The main aim of this contribution is to achieve an understanding of parameters and algorithm utilized by GDIs for codification the chemical structures. In the simplest case, the GDI calculation coincides with the semi-quantitative results obtained from HMO, when both are applied to the same molecular systems. When some traditional quantum chemistry questions are explained with GDI method, it gets to: (i) understand the topological parameters from GDI in Quantum Mechanical terms, (ii) explain in quantitative way, the thermodynamic stability of conjugated molecules (having into account energetic and entropic factors), and (iii) propose a new quantitative and more general way of approaching the concept of aromaticity, a key concept in chemistry.
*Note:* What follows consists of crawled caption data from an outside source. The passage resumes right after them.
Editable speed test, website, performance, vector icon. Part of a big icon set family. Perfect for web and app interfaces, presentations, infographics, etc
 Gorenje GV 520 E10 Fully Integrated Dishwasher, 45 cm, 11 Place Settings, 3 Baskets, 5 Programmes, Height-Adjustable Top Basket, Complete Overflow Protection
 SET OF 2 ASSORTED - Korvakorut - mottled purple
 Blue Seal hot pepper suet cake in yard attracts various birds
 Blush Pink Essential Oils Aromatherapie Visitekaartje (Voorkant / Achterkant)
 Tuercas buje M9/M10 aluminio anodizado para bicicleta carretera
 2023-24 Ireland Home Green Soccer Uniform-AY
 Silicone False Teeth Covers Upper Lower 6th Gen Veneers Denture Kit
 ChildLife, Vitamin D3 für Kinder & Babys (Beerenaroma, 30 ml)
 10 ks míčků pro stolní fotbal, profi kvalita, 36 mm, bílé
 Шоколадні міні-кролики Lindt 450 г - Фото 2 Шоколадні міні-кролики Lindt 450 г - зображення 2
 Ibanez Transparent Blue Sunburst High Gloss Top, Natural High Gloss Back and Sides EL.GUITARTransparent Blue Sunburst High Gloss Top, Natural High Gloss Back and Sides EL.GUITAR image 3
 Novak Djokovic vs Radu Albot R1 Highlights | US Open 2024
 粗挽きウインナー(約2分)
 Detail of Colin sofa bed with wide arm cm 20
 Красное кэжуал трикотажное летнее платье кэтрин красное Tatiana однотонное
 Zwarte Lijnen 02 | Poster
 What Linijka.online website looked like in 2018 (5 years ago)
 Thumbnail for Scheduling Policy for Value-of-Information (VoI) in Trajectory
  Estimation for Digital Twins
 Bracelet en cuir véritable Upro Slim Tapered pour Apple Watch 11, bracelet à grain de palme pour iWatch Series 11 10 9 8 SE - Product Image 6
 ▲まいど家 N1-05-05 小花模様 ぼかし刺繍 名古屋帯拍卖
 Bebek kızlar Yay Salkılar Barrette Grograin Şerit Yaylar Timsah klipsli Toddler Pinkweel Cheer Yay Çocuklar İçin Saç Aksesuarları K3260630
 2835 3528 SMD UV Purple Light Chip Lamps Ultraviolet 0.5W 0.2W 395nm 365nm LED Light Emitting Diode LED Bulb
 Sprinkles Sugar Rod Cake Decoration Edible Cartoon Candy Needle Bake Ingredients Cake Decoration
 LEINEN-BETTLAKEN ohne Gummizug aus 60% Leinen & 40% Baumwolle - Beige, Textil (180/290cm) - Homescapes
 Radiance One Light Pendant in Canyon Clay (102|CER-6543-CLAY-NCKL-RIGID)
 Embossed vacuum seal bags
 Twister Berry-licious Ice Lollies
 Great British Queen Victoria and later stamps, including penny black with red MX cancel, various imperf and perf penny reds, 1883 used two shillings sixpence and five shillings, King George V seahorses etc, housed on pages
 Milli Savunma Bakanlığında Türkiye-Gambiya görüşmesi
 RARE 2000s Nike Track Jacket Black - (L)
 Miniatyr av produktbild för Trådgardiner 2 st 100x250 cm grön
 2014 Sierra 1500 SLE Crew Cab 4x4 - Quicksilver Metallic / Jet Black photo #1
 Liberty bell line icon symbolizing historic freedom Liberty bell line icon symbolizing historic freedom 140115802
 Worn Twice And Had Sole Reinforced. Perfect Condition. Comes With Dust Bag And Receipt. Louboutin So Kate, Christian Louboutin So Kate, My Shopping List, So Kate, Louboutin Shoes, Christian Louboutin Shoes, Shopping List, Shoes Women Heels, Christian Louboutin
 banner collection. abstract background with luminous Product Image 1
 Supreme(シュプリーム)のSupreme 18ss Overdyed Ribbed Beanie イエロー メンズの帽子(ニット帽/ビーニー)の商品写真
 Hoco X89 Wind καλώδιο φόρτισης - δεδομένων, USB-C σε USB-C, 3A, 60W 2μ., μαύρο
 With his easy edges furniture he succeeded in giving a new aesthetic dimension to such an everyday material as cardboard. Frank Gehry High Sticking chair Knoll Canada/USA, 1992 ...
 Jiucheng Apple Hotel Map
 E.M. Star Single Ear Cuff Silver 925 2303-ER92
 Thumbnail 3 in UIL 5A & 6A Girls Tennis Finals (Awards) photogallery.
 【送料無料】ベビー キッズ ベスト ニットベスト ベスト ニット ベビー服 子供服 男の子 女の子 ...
2 Electronic distribution in terms of discrete derivatives of molecular graphs

2.1 First close approximation between GDI and quantum mechanics

The Hückel matrix can be considered similar to adjacency matrix (A1) of first order with some modifications on its main diagonal. As any other adjacency matrix, it can be written in terms of an incidence matrix Q:

$${A}^{k}={Q}^{T}Q+I$$
(2)

Being, QT transposed matrix of Q and the order of Q determine the k order of Adjacency matrix (Ak). The product QTQ results in a squared and symmetric matrix, which is named Relations Frequency Matrix (F) [18, 25]. Previously, obtained results had used the n-dimensional F matrix as base of organizing the information of each individual atom, as well as the n-uples formed by them (sub-structures) [19, 26]. Only first order matrices will be used below. Earlier analysis show that Frequency matrix (F) is similar to the Hückel secular determinant (H), in which each column and row can be identified with each p orbitals. Defining the Eq. 2 in terms of the matrix H and F, the next mathematical relation can be denoted as:

$$H=F+\left({f}_{i}-\varepsilon \right)I$$
(3)

being, fi each atom’s own participating frequencies, and ε allowed values for the energies corresponding to the different molecular orbitals. Analyzing the expression 3, it can verify the combination of Topological and Quantum Mechanic information to understand the conjugated molecule’s structure into the same procedure. This matrix relation also suggests a relation among the elements from matrices, which were created from different theories and procedures, destined to quantify the chemical structure, but all with high similarity degrees.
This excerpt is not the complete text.